Apache Solr Hello World Example
Apache Solr is an Open-source REST-API based Enterprise Real-time Search and Analytics Engine Server from Apache Software Foundation. It’s core Search Functionality is built using Apache Lucene Framework and added with some extra and useful features. It is written in Java Language.
SOLR stands for Searching On Lucene w/Replication. It’s main functionalities are indexing and serching. Like ElasticSearch, it is also a Document-based NoSQL Data Store.
It’s official website: http://lucene.apache.org/solr/. Latest version of Solr is 6.4.2, which was released on 7th March 2017.
Apache Solr Features:-
- An Open-source
- Supports Full-text Search and Faceted Navigation Feature
- Hit highlighting
- Relevant Results
- Uses Apache Lucene Inverted Index to index it’s documents.
- Supports Recommendations and Spell Suggestions
- Supports Auto-Completion
- Suppots Geo-Spatial Search
- Supports REST Based API (JSON over HTTP)
- Supports Real-time Search and Analytics
- Latest version of Solr (Version 5.x or later) supports Distributed and Colud Technology.
- As it’s written, it supports Cross-platform Feature.
- Built-in Security for Authentication and Authorization
- Supports Streaming
Advantages or Benefits of Apache Solr:-
- An Open-source
- It has very useful Administrative Interface.
- Light Weight with REST API
- It is very fast, simple, powerful and flexible search engine
- Unlike ElasticSearch, it supports not only JSON format, other useful formats too: XML, PHP, Ruby, Python, XSLT, Velocity and custom Java binary output formats over HTTP.
- Highly Available.
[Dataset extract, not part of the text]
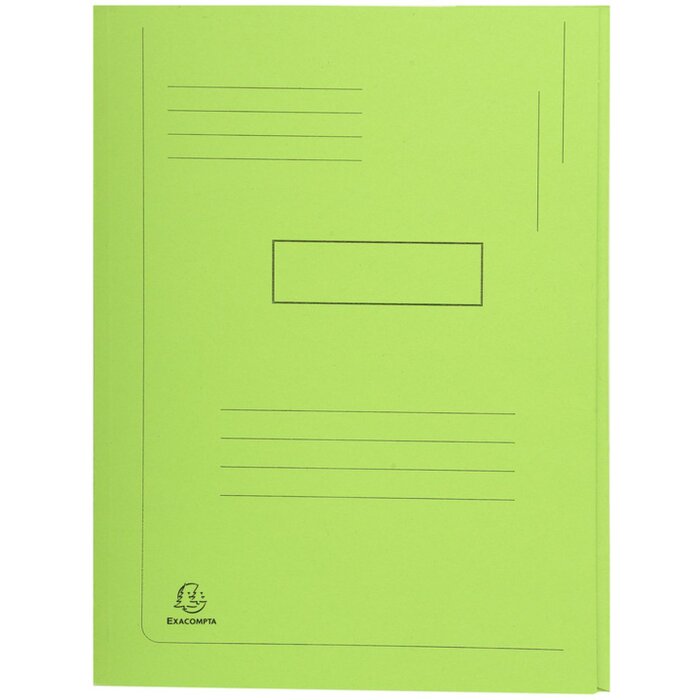Složka na dokumenty Exacompta s popisovacím polem Forever® 24x32cm zelená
Easy and Highly Scalable. Robust, fault tolerant and reliable search engine.
- Schema free data store. However, if required we can create a schema to support our data.
- Fast Search Performance because of Apache Lucene Inverted Index.
- Supports both Structured and UN-Structured Data
- Supports Distributed, Sharding, Replication, Clustering and Multi-Node Architecture
- Supports Bulk Operations
- Easily Extendable with new plugins
- Supports Caching Data
- Useful for BigData Environments
- Unlike ElasticSearch, it supports MapReduce algorithm
Drawbacks or Limitations of Apache Solr:-
- Not useful as a Primary Data Store. Only useful as Secondary Data Store.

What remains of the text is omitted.